# A Haunter's A-B-Cs



## TheOneAndOnlyKelly (May 7, 2009)

*A* is for *Axis*
My skull should have three
*B* is for *Boris*
Whom I want talking at me

*C* is for *Curby's*
Their inventory we have constantly checked
*D* is for my *Dremel*
Great, another motor that I wrecked

*E* is for *Expanding*
The sticky foam we use to shape and fill
*F* is for *Fog*
To hang low, our devices will chill

*G* is for *Gravestone*
Made up of foam board and gray paint
*H* is for *Halloween*
That deadline is our only confining restraint

*I* is for *Ice*
Dry to make a thick fog to sustain
*J* is for *Jell-O*
Used to make another disgusting brain

*K* is for those *Kids*
Demanding we give up our candy
*L* is for *LED*
We find the lights are quite handy

*M* is for *Mausoleum*
Built to house ghosts of the flying crank kind
*N* is for *Night*
You know the one, I shouldn't have to remind

*O* is for *Orange*
A theme color that's used traditionally
*P* is for *Paper-mâché*
You know you need this unconditionally

*Q* is for *Quality*
The attribute we both strive and treasure
*R* is for some *Rest*
Until November, we'll not have in any measure

*S* is for *Styrofoam*
Making things to appear to have great strength
*T* is for *Tape*
The need for which cannot be measured in length

*U* is for *UFO*
An alien theme some find exotic
*V* is for the *Vortex*
The spinning can be unsettling and hypnotic

*W* is for the *Witch*
"Fire burn and cauldron bubble"
*X* is for the *XActo™*
Knives that cut without much trouble

*Y* is for *Yell*
Then watch the TOTs shriek and run
*Z* is for *Zombies*
What we are to our holiday, when all is said and done


----------



## TheOneAndOnlyKelly (May 7, 2009)

I have this on my blog and thought it would be cool here too!

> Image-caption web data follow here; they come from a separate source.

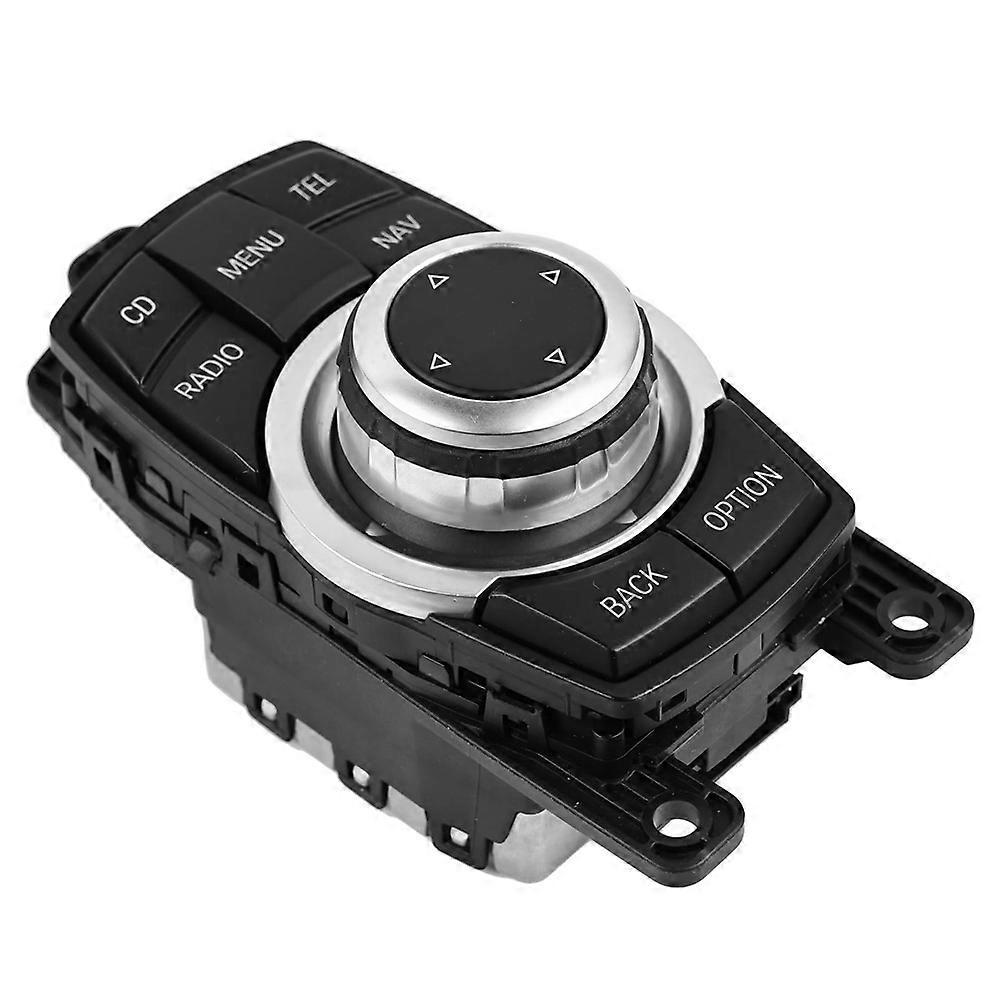 10-poliges Medienschalter-controller-joystick-modul 65829206446 Für Bmw--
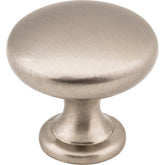 Madison 1-3/16" Diameter Mushroom Knob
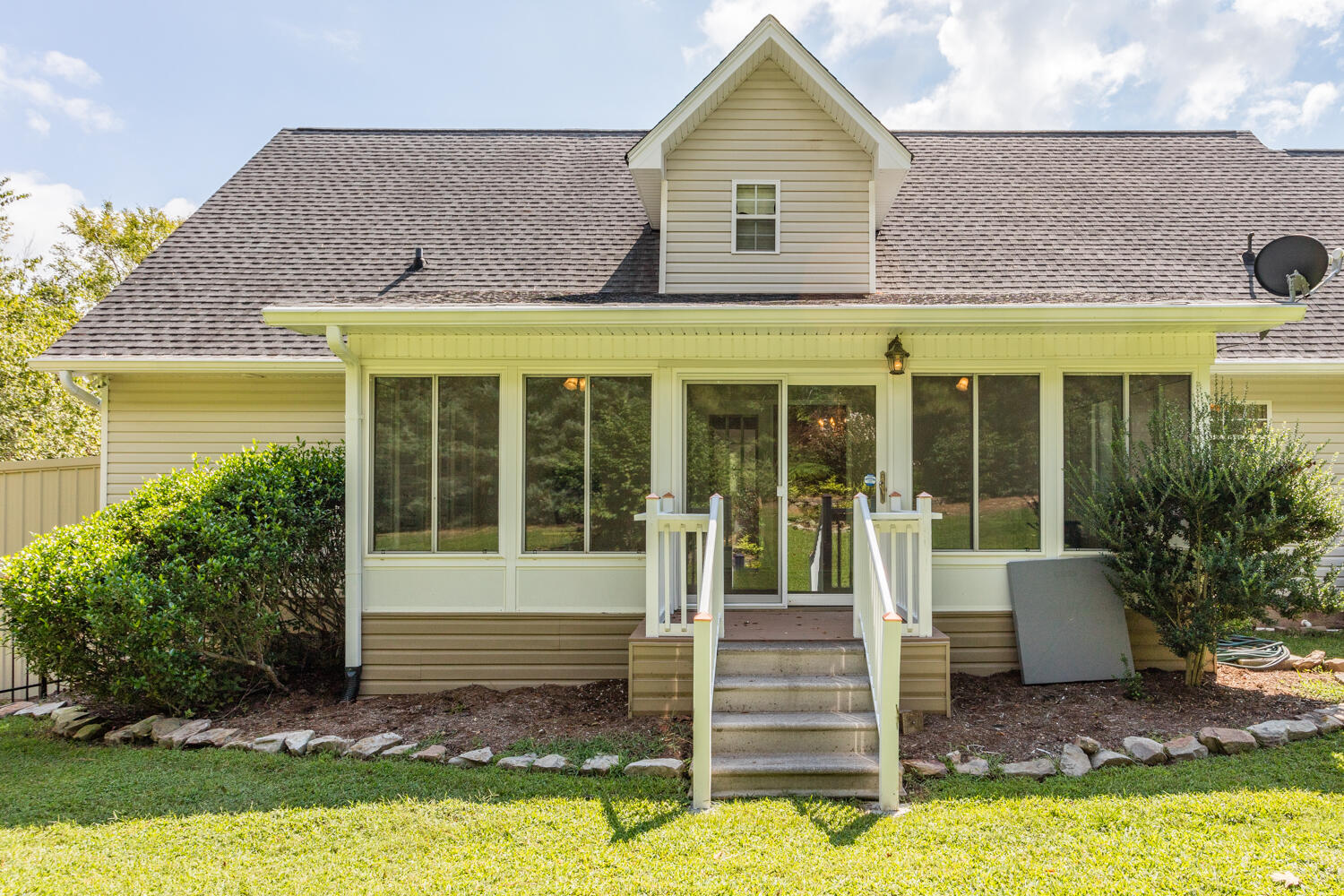 678 Hooper Road Ringgold, GA 30736 - Photo 31 of 104 678 Hooper Road HD-16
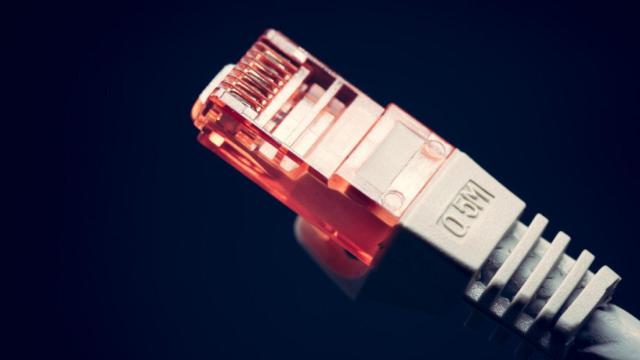 cable internet ethernet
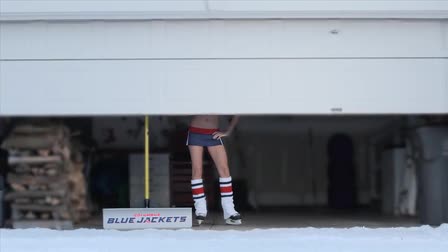 compilation reel 2013 -2014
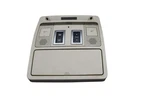 17-20 Jaguar Xe Front Overhead Console Sunroof Dome Light Assembly Oem. Fixed Price $77.50.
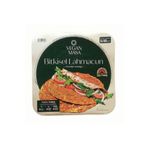 vegan masa Bitkisel Lahmacun 500 g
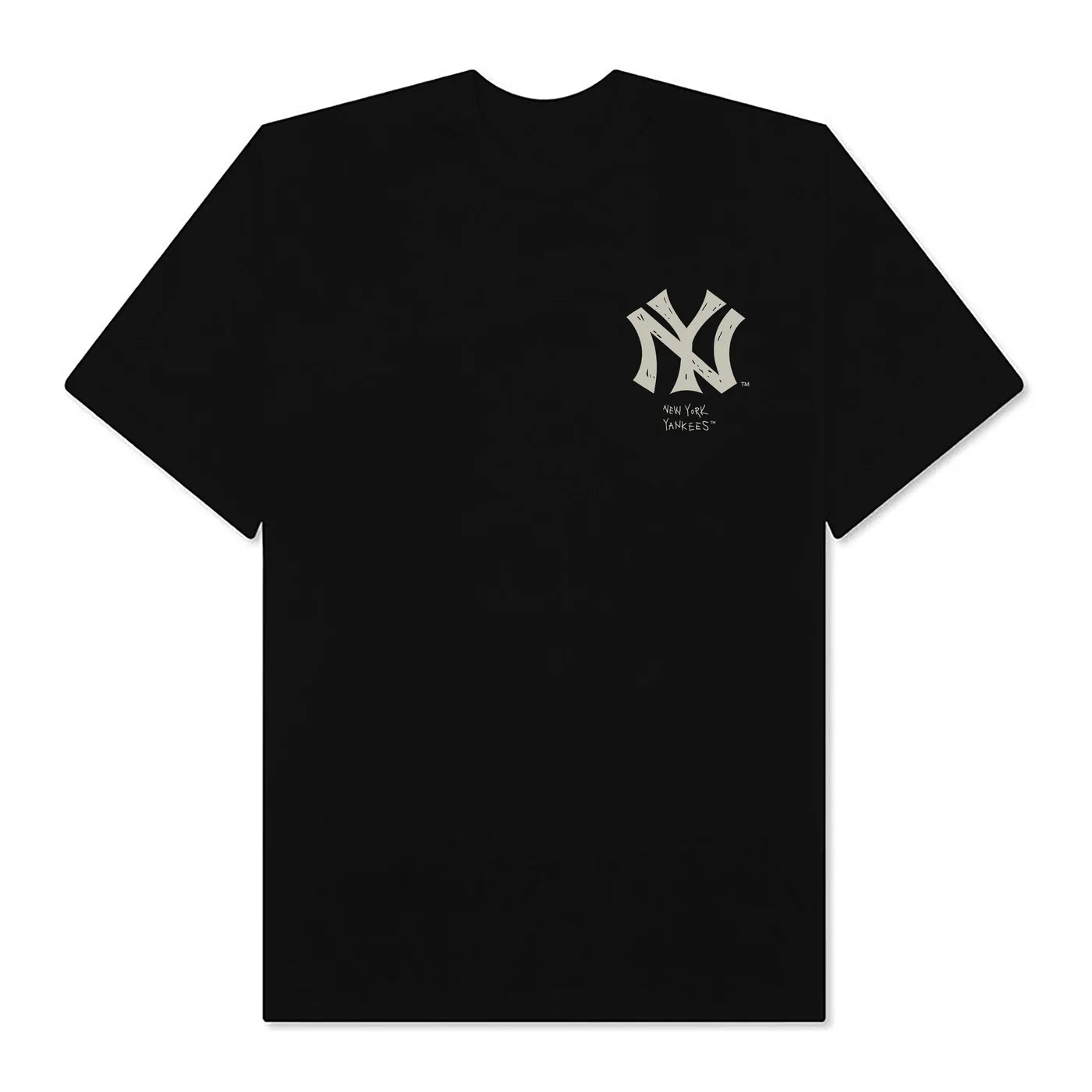 Flash Sale MLB New York Yankees Shutterstock T-Shirt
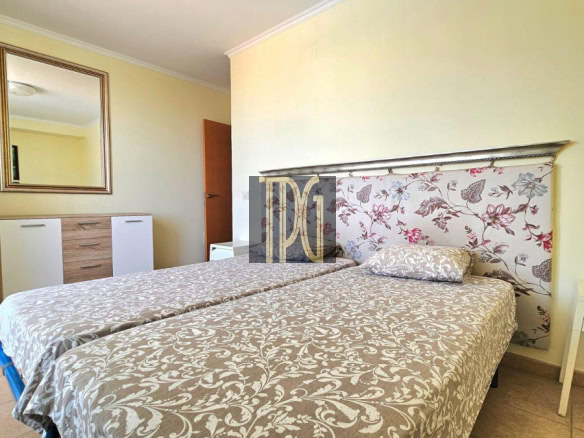 3 Bedroom Semi-Detached Terraced House For Sale in El Madroñal, Adeje
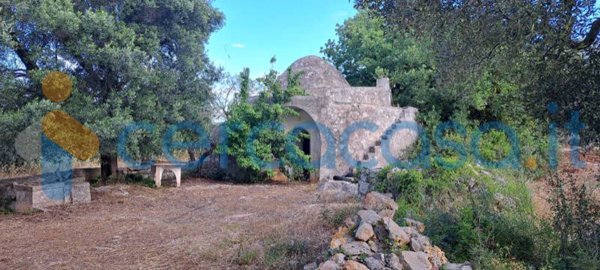 casa indipendente in vendita a Carovigno
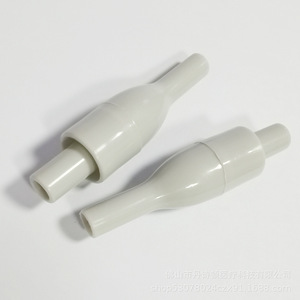 Tête d'aspiration de salive faible Dsd Dental 6898 pour fauteuil dentaire usage commercial - Product Image 2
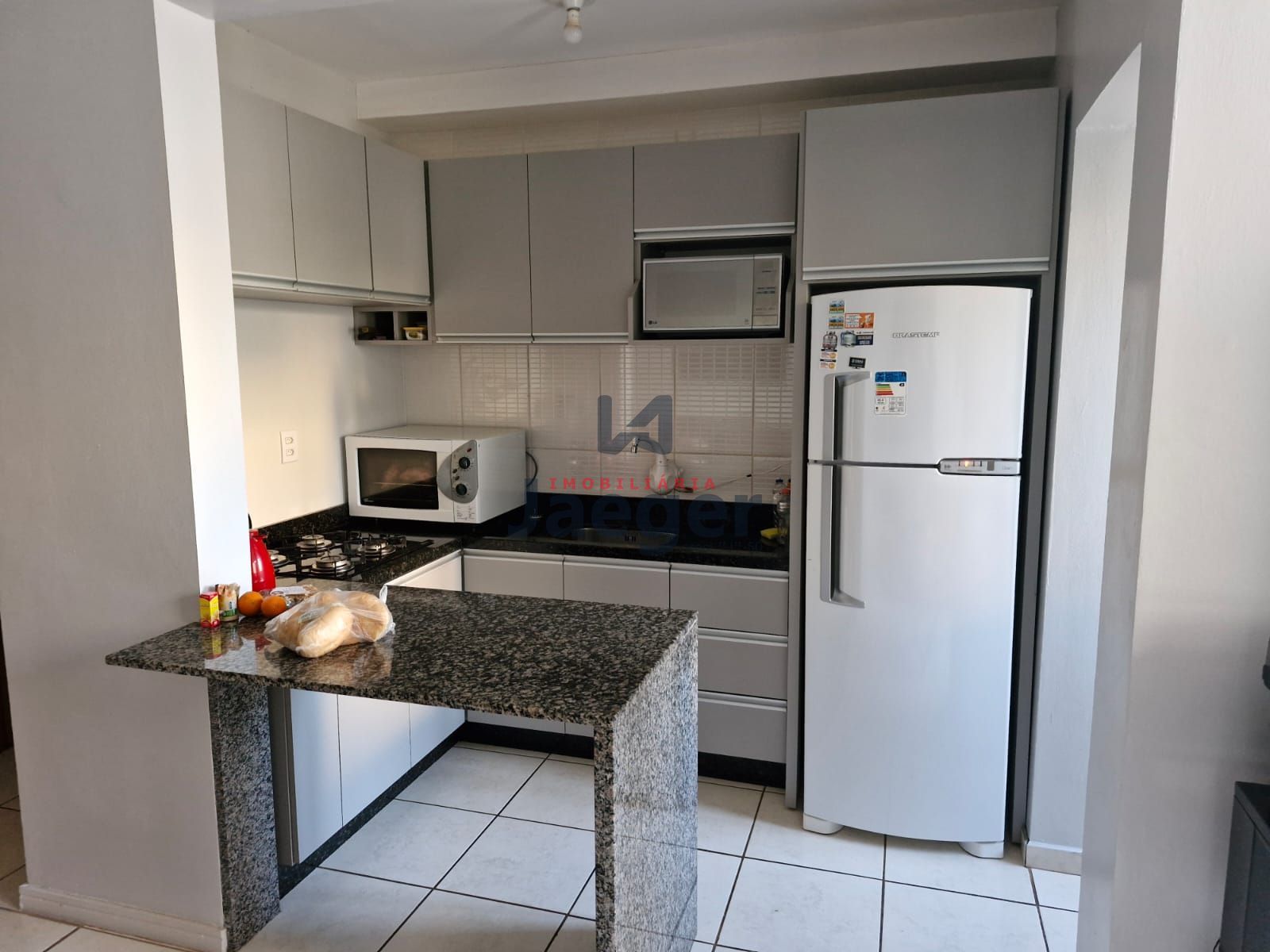 Apartamento, 2 quartos, 50 m² - Foto 5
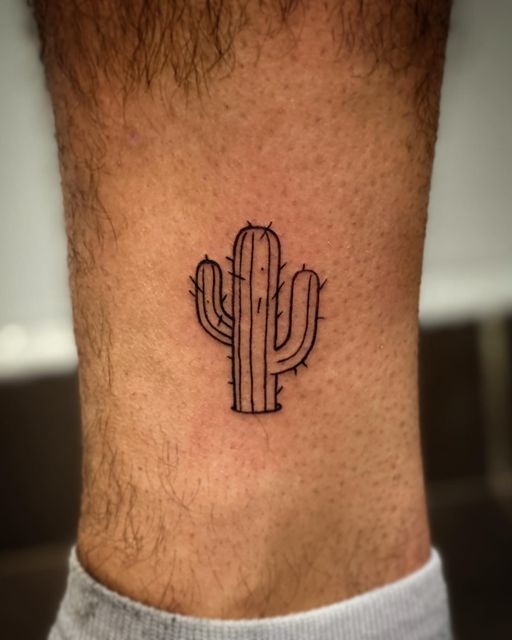 cactus tattoo ideas 0054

http://grimrecesses.blogspot.com/2010/08/haunters-b-cs.html

If anyone else can come up with some better rhymes (Lord knows I'm no poet) feel free to post them here. I have thick skin...


----------



## fick209 (Aug 31, 2009)

I think it's great, thanks for sharing


----------



## Just Whisper (Jan 19, 2009)

Very well done.


----------



## spinachetr (Nov 9, 2009)

Bravo!


----------



## Wildcat (Nov 3, 2007)

Very nice.


----------



## nixie (Sep 17, 2008)

Very clever! Your wit has given me a happy end to a stressful day! Thank you!


----------



## lisa48317 (Aug 18, 2010)

Great job! I like it!


----------



## kprimm (Mar 14, 2009)

Bravo! very cool poem and so true.


----------



## Howlinmadjack (Jul 20, 2009)

Brings Halloween just that much closer...wait, I can't handle closer, I have soooo much to do....


----------